Leipzig also used the weekend to secure continuity behind the scenes. The club extended the contract of Timo Schlieck until 2029, even though the goalkeeper is currently on loan at SpVgg Greuther Fürth. Schlieck has played nine matches there, conceded 22 goals and kept one clean sheet, numbers that show a loan spell still in progress rather than a finished evaluation.
At the same time, Leipzig tied down Mirja Kropp’s development pathway by pointing to her role in Germany’s under-17 European Championship triumph on Sunday, when she was named the tournament’s best goalkeeper. The club also extended Viola Odebrecht’s contract until 2030, keeping the woman who has spent seven years in a leadership role at RB in place for the long term. Odebrecht, who became a world champion in 2003, said the club had established itself in the Bundesliga, but that what began when she arrived in 2019 was not yet complete.
Marcel Schäfer, speaking for the club, said Odebrecht brought the experience, network and clear style that had helped shape Leipzig’s development in recent years.

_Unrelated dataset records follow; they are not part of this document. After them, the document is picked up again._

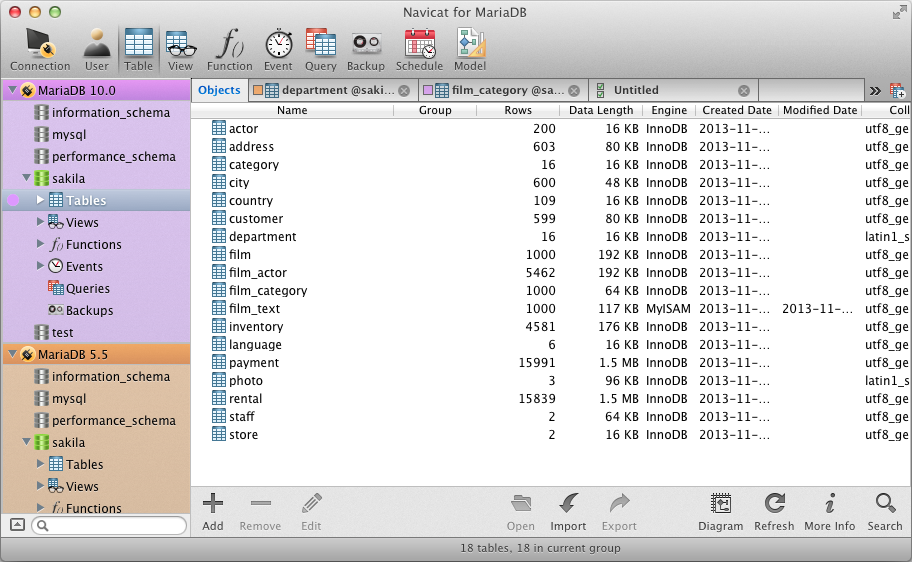 Novell Messenger For Mac Download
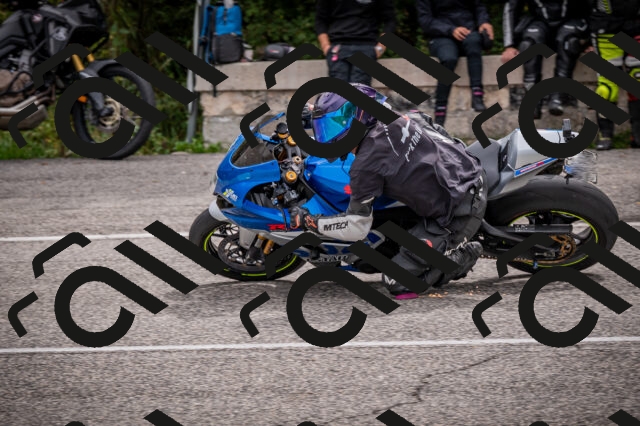 20250914121617-Z62_6863_am_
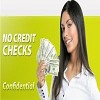 Obtain No Credit Check Loans with No Major Compulsions 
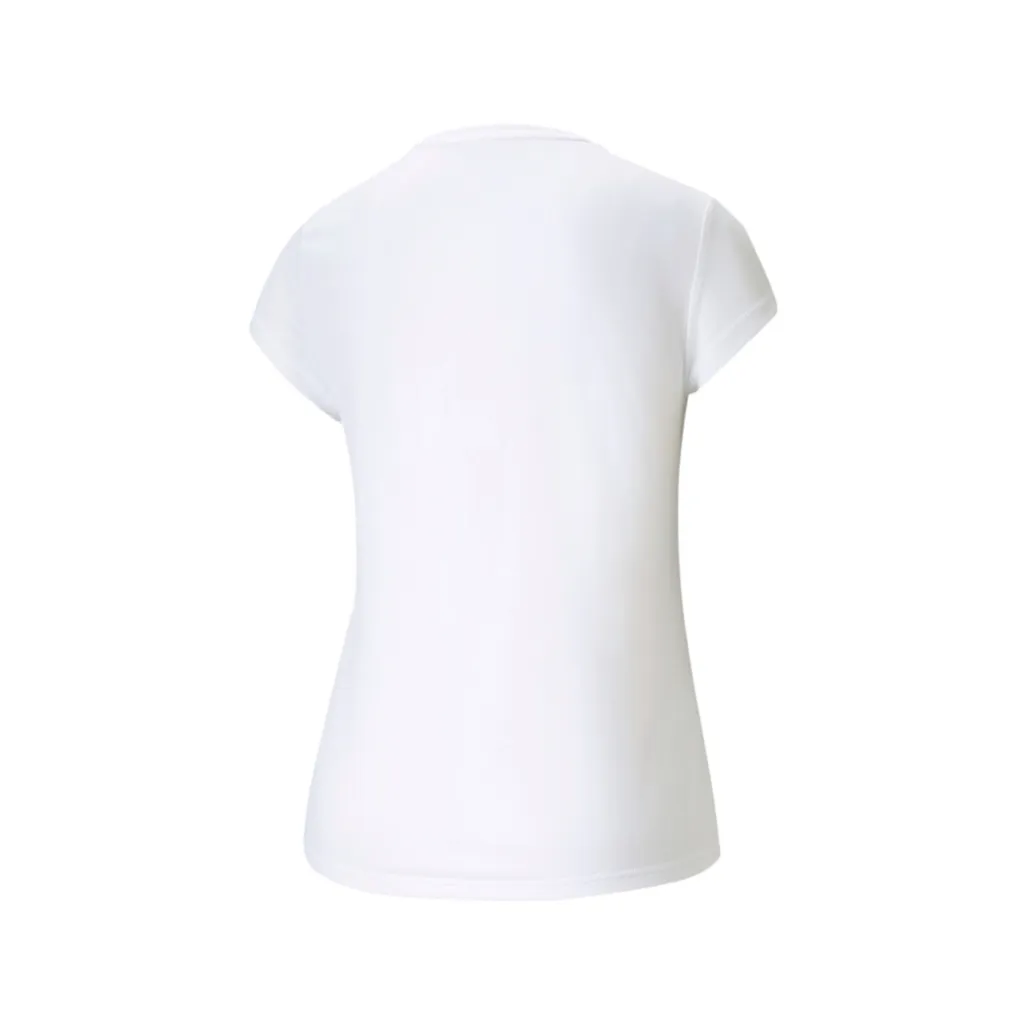 Playera Puma Active Para Mujer (2).webp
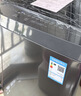 美的（Midea）随心洗波轮洗衣机全自动 8公斤小型家用 一级能效 MB8V56DT 1.25洗净比 以旧换新 补贴 实拍图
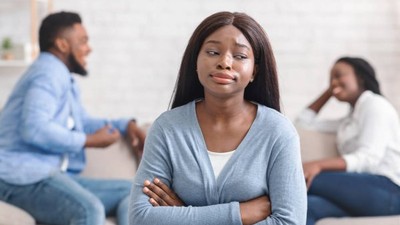 Credit - Lightfield solutions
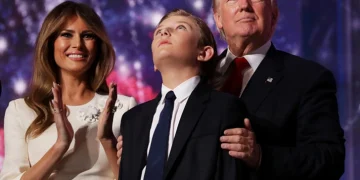 Три поколения Тръмп: как се изгражда главната семейна империя на САЩ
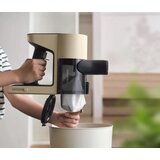 Roborock Usisivač štapni, H5, akumulatorski, 3u1, 158 AW, Crno-bež | Eponuda.ba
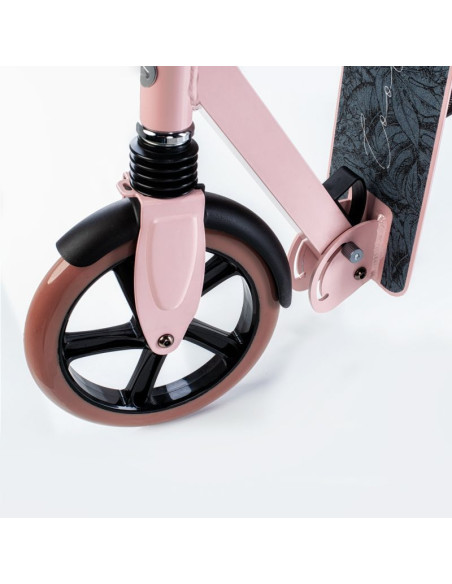 Hulajnoga coolslide california w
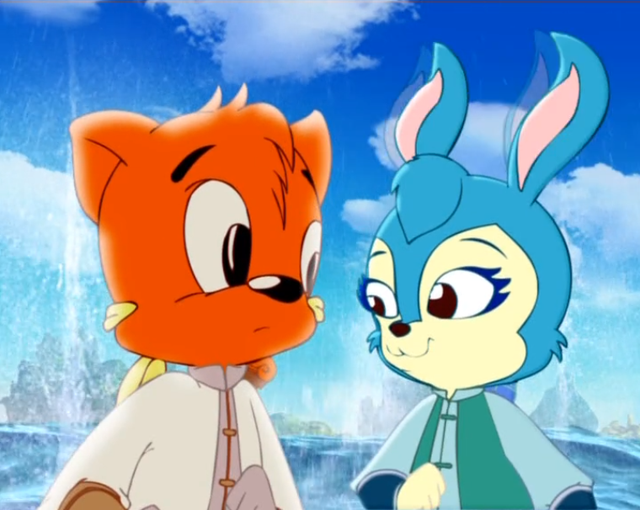 95后小时候最喜欢的十部动漫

The message was plain enough: the first team may have taken a heavy loss, but the club’s structure is being built to last far beyond one result. That is also why Saturday felt bigger than a final whistle. Michael Kretschmer, Saxony’s minister president, was among those in the crowd and said Leipzig had spent 10 years in the Bundesliga and were now back in the Champions League from next season, adding his congratulations and calling Saxony a football state.
Leipzig’s next step comes quickly for the women’s side, who host Bayer Leverkusen on Monday evening while sitting in 10th place ahead of their penultimate league match. The club leaves the weekend with a defeat on the scoreboard, but with its European place restored, its youth and women’s structures extended, and the possibility of a Rose reunion waiting somewhere down the line.